Gathering has begun in oh so many ways, even open with a flyrod after trout, firing a .410 shotgun at a turkey poult, if only one could find the shotshells, picking the few shagbark hickory nuts from among a bed of leaves, clipping a twig from a bittersweet vine after not finding wild grapes, and cutting a very, very young sulphur fungus from a red oak tree bole.

     The shelves of the fungus were so immature, so crowded among the bark fissures and imperfections that identification was hesitant.  Pound after pound filled a cardboard berry box, milky fluid dripped from the cuts and a few ants crawled to escape.

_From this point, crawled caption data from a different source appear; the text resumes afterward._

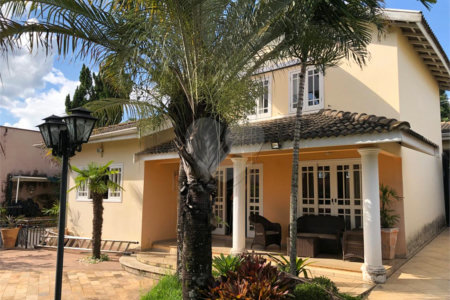Casa à venda com 4 quartos, sendo 2 suítes, no condomínio Zuleika Jabour, Salto - SP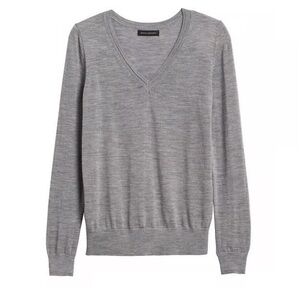 Banana republic WASHABLE MERINO V-NECK long sleeve SWEATER size L
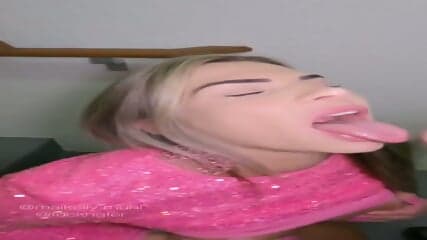 Macho comeu o CÃº da Cadela Bonita  e gozou a porra na cara dela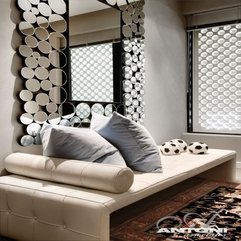 Pillows Cushions Placed Under Unique Mirror White Pouffe - Karbonix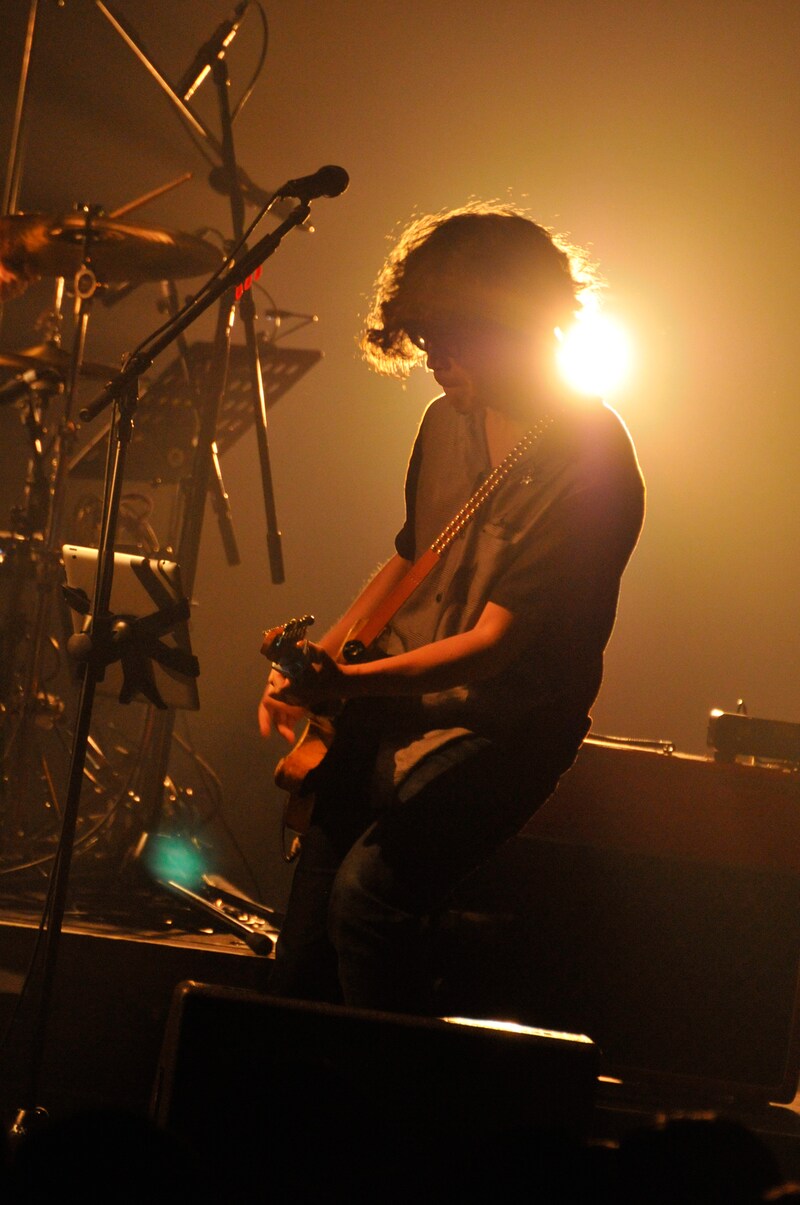 岸田繁(Vo, G / くるり)(撮影:チームライトサム)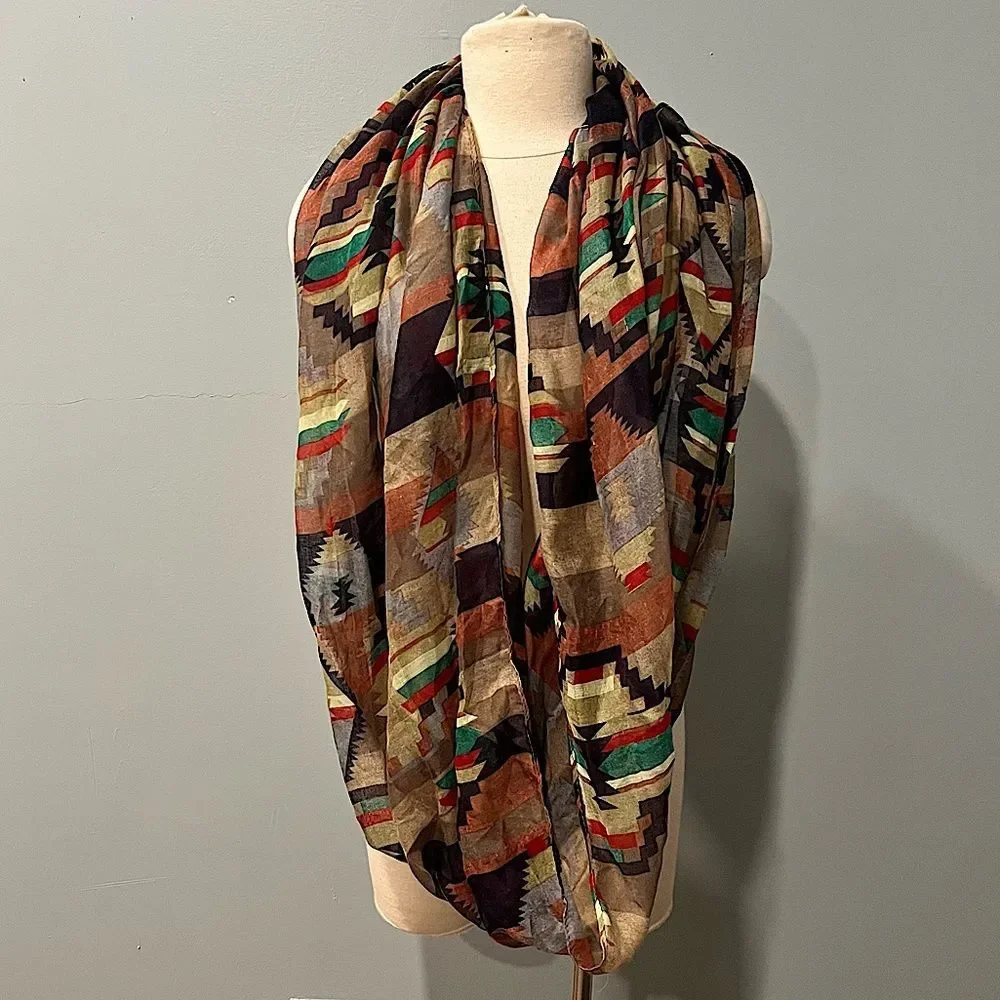 NWT D&Y Brown & Green Aztec Print Lightweight Infinity Scarf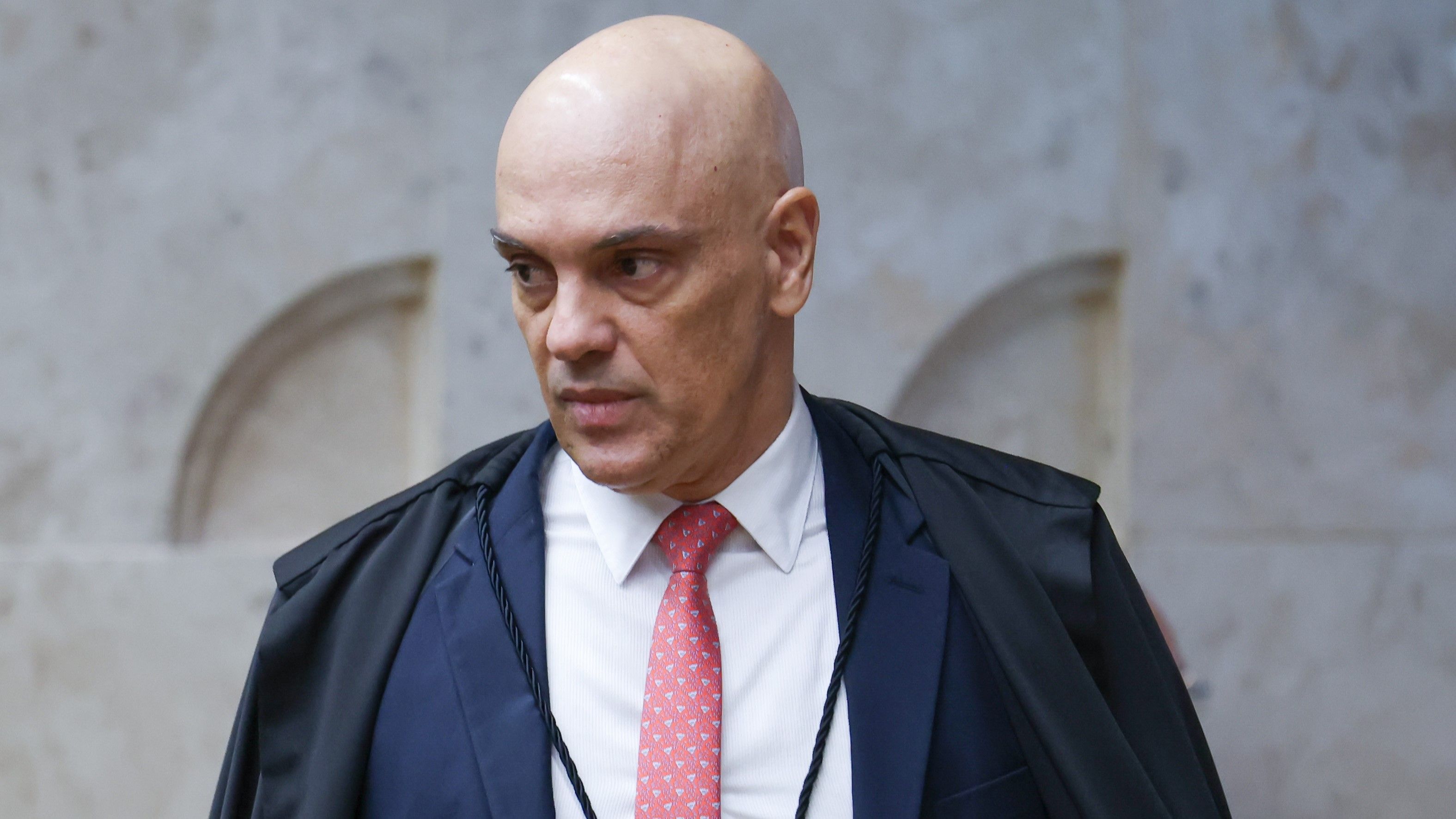 Oposição sobe o tom por pedidos de impeachment de Moraes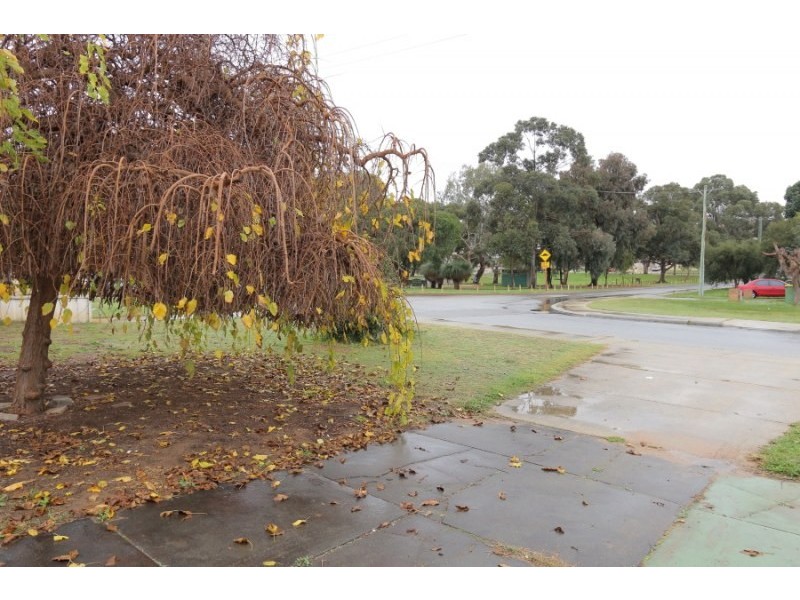 21 Macmorris Way, Spearwood WA 6163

     The drought has been blamed for more than it can hold but why put culpability entirely on the lack of summer and autumn moisture. Chicken-of-the-woods fungal growth has been sporadic and that of maitake (hen-of-the-woods) is just beginning after a long wait.

     Both are edible, easy to identify ONCE someone has pointed out the nuisances.

     Eating a lake sturgeon fish from the not-so-mighty Wisconsin River near Sauk City is good, too, but first one has to be caught, registered and prepared.  “Last year, here at Wilderness Fish and Game, we registered 17 fish but only one so far this year,” said Wally Banfi, a fishing guide and clerk at the sports shop.  The river is three feet low and fishing is near impossible from boat or shore.  I’ll be surprised if we register five fish this year.”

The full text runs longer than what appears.